Really, are you?
Just this week my students were sifting through news magazines for research they needed for a project. We were doing it the old-fashioned way – Time Magazines, paper copies, no screens, fewer ads. How refreshing. Anyways, after getting lost in a horrifying article out of Syria, I stumbled upon this open letter from mother to son (I see the irony in providing the link). Actually, it was an apology from mother to son and it caught my attention.
On the precipice of one of her greatest life achievements (her son graduating from college) Kristin van Ogtrop reflects on the journey that got them there. Instead of congratulating herself in helping to support her son along the way, she talks about all the things she wished she did better.
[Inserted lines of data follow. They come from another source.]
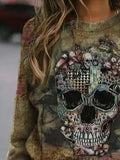 Halloween Skull Print Crew Neck Long Sleeves Sweatshirt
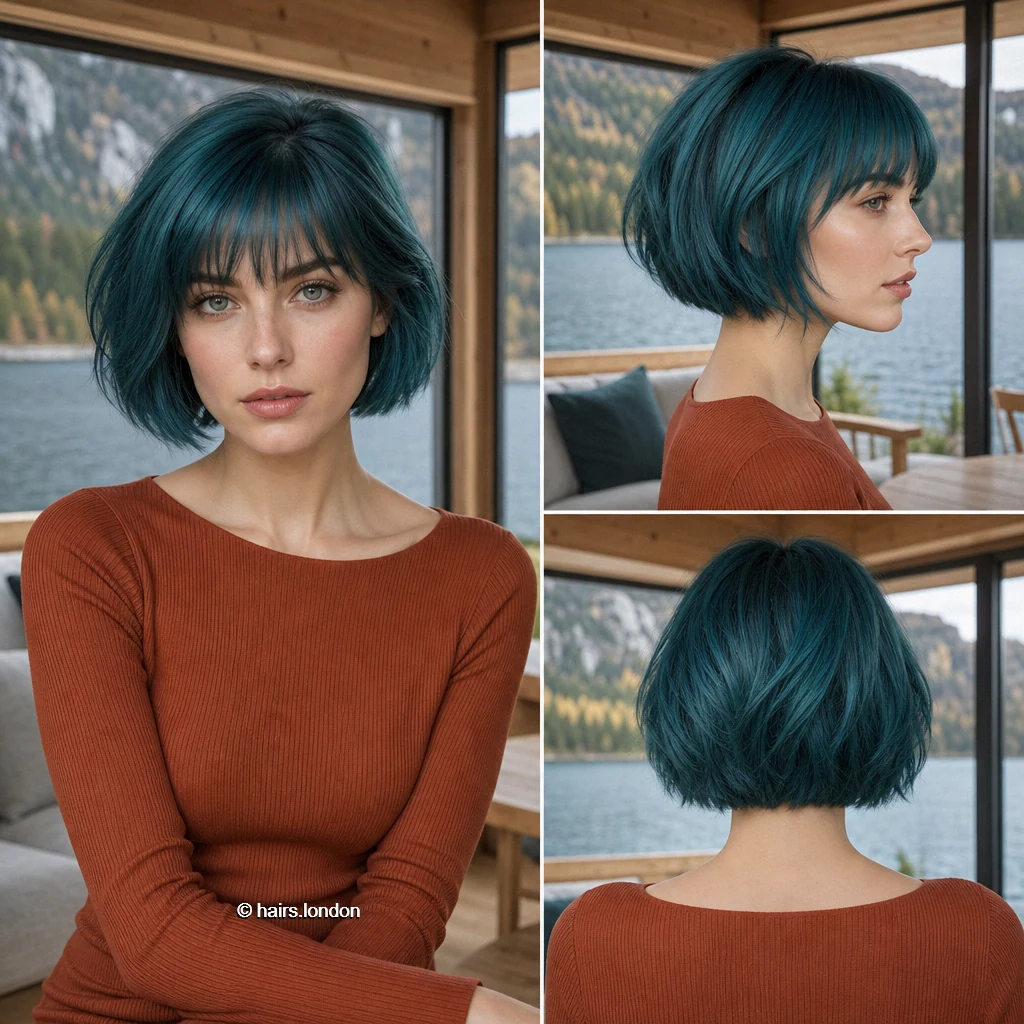 20 Teal Bob Haircuts, From Sleek Jaw-Length Shapes to Textured Short Bobs Blue Fringed Bob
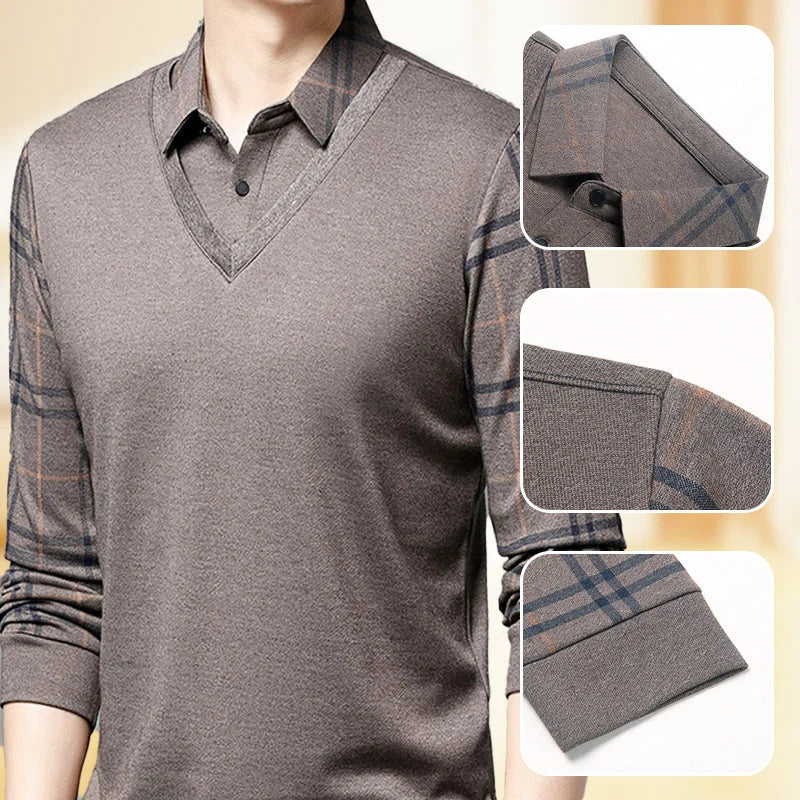 EliteLayer – Classic Faux Layered Long Sleeve Polo Shirt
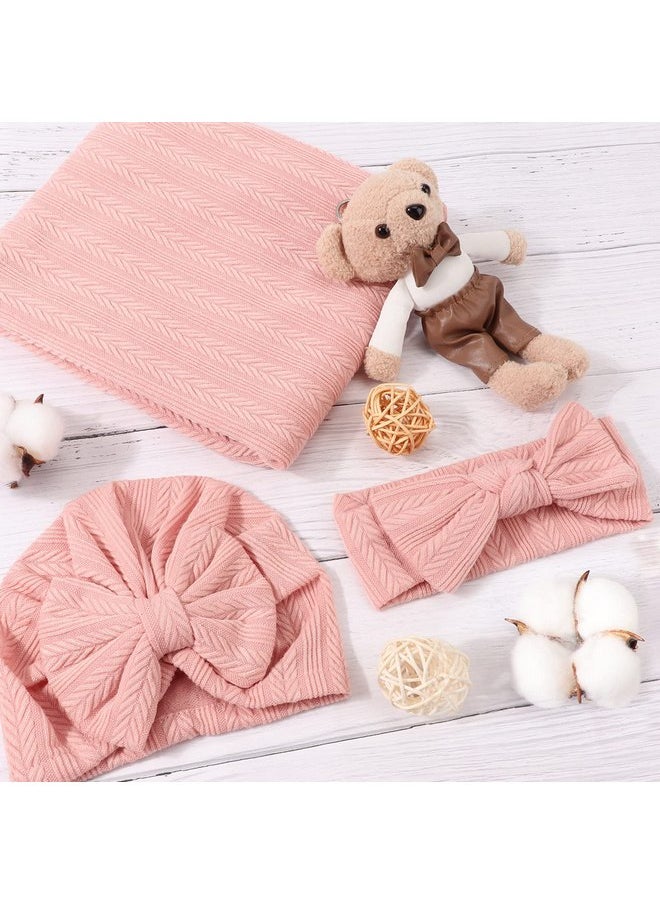 DRESHOW DRESHOW BQUBO Newborn Receiving Blanket Headband Hat Set for Baby, Unisex Baby Boys Girls Essentials, Newborn Registry Must Haves, Stroller Crib Shower Gifts  - Image 3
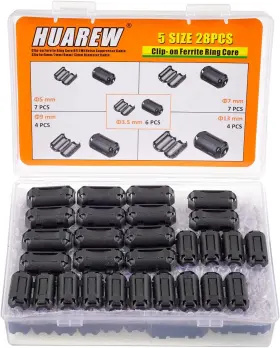 Huarew 744759515995 28 Pcs Black Clip-on Ferrite Ring Core For 3.5mm To 13mm Diameter Cable Huarew 744759515995 28 Pcs Black Clip-on Ferrite Ring Core For 3.5mm To 13mm Diameter Cable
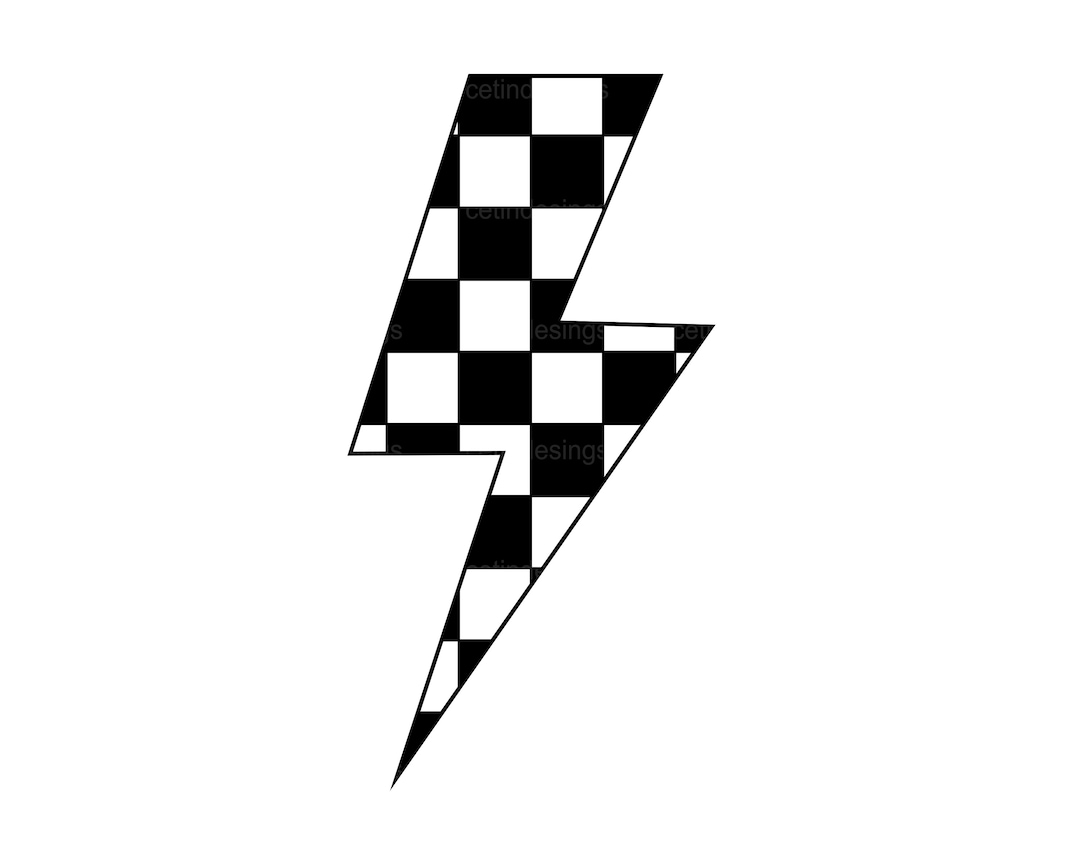Checkered Lightning Bolt Svg Checkered Lightning Bolt Cut File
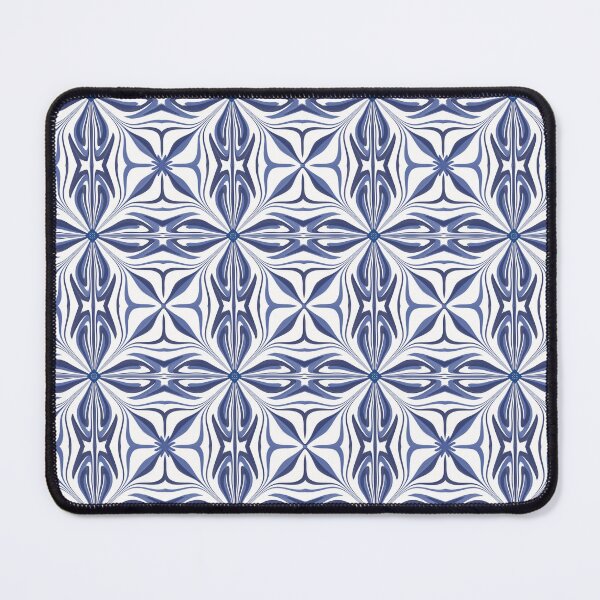 Item preview, Blue Four-Petal Flower Geometric Tile Pattern designed and sold by Nicha Studio.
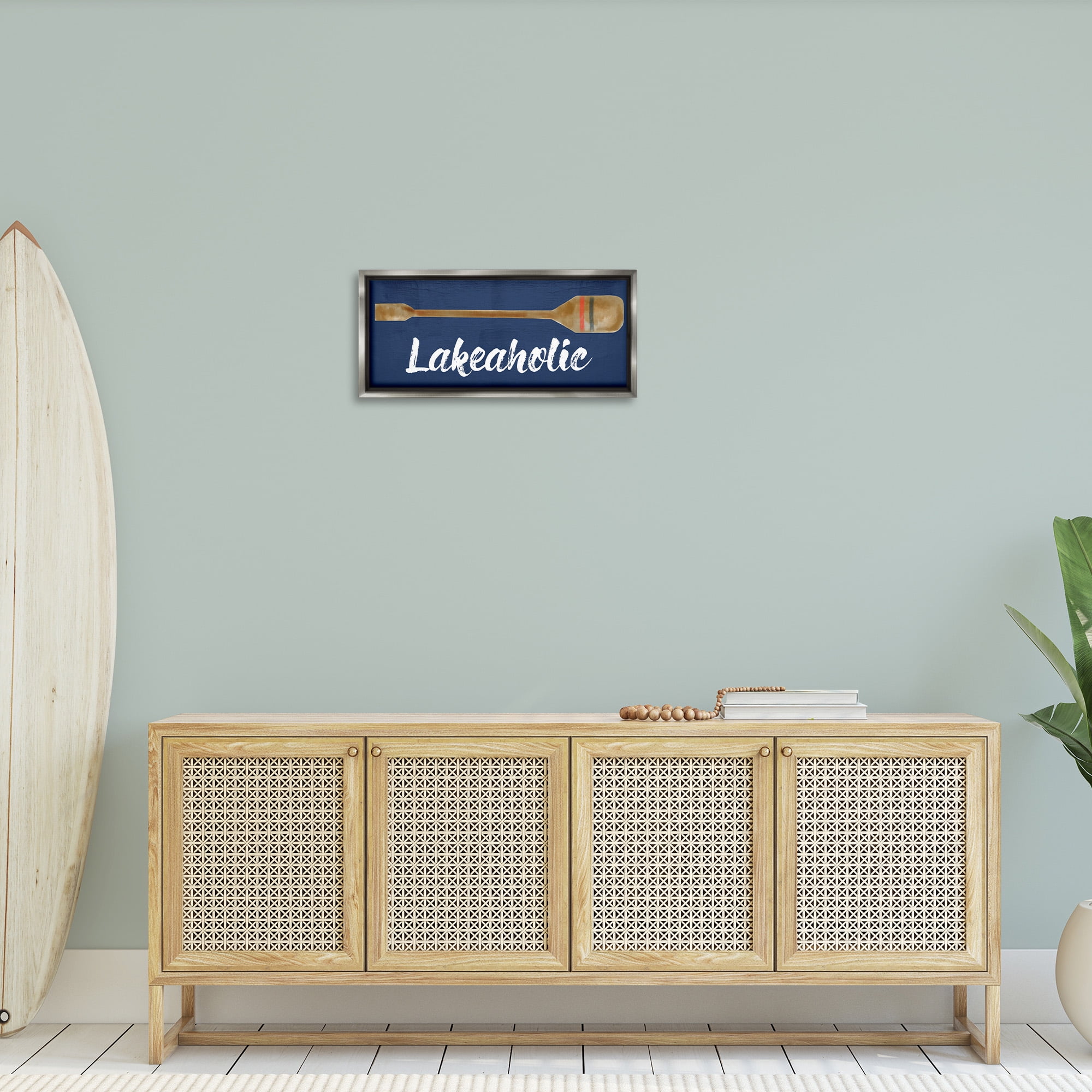 Stupell Industries Lakeaholic Boat Oar Inspirational Painting Gray Floater Framed Canvas Art Print Wall Art, 25 x 11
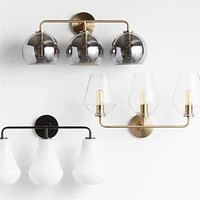 Arren Brass 3-Light Wall Sconce with Clear Angled Shades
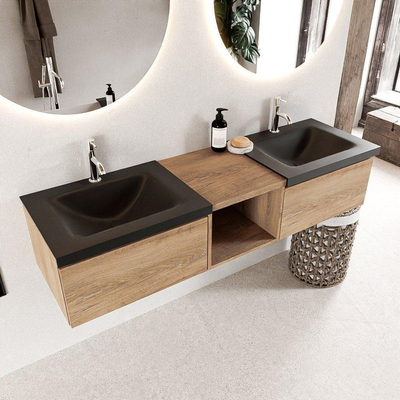 Mondiaz BUKLA badkamermeubelset 160x45x34cm 2 kraangaten 2 wasbakken solid surface Urban greeploos 2 lades met softclose Melamine Washed Oak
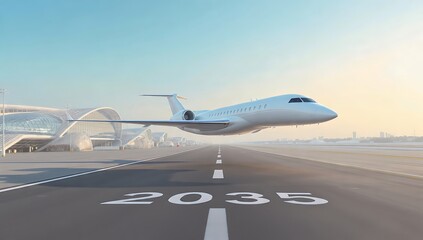 Sleek White Futuristic Aircraft Taking Off from Modern Airport Runway in 2035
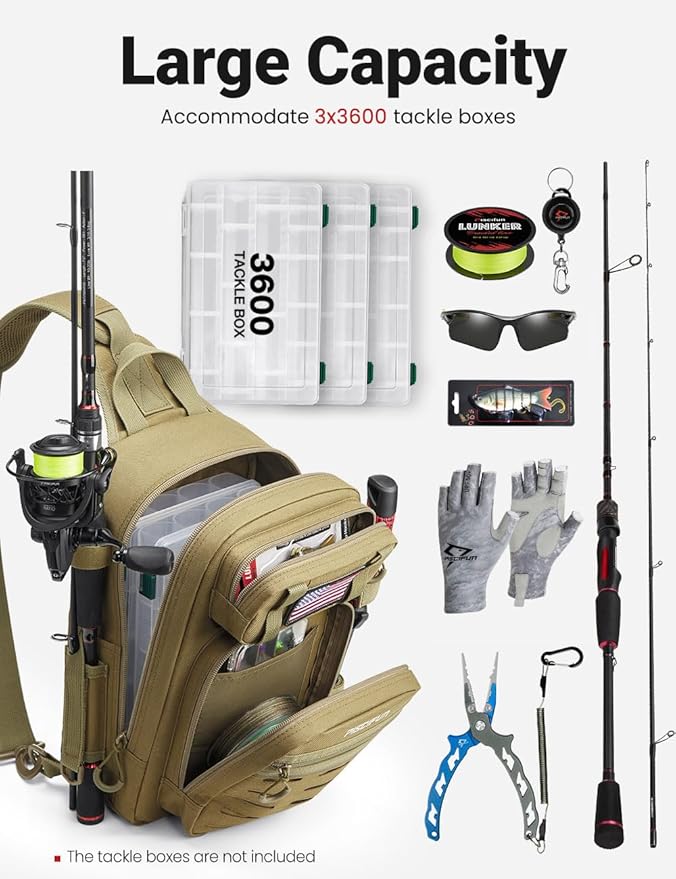 Piscifun Fishing Backpack Tackle Bag with 2 Rod Holders, Multi-Compartment Storage, MOLLE System, Water-Resistant Lightweight Outdoor Pack - Image 7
Sound familiar? It felt like she was talking to me. Even on my best days I think of how I could have dealt with one of my kid’s behaviors better. I worry that a short reply to one of my students made them felt like I didn’t care. Hours later, it seems crazy that I almost lost it right before dinner time. Did they catch me rolling my eyes? Should I have read one more story (after the ten I already did)?
You know what eases the questions and doubts? When your kids do something good. When you get an unexpected compliment. When you witness them doing the right thing. When they return the love that you offer in infinite ways.
She has an answer to that too though. Those accomplishments aren’t really ours – they are theirs. Her son’s college graduation may have been impacted by her hard work, but it is his accomplishment. It is good to be proud, so, so proud, but you know what’s better?
If our kids are proud of themselves. She says our focus should change. “Instead, say, ‘You should be proud of yourself.'”
My husband and I say we are proud of our kids all the time, every day. We end the night with the phrase every night. We thought it was important. I think it still is…
But today I asked Lucy if she was proud of herself (after a great day of school and being particularly helpful throughout the afternoon).
She said, “no.”
Heart-broken. But in true teacher-mom fashion – I am ready to dig in and fix this problem. Time to teach my kids what it feels like to feel proud. Have any ideas?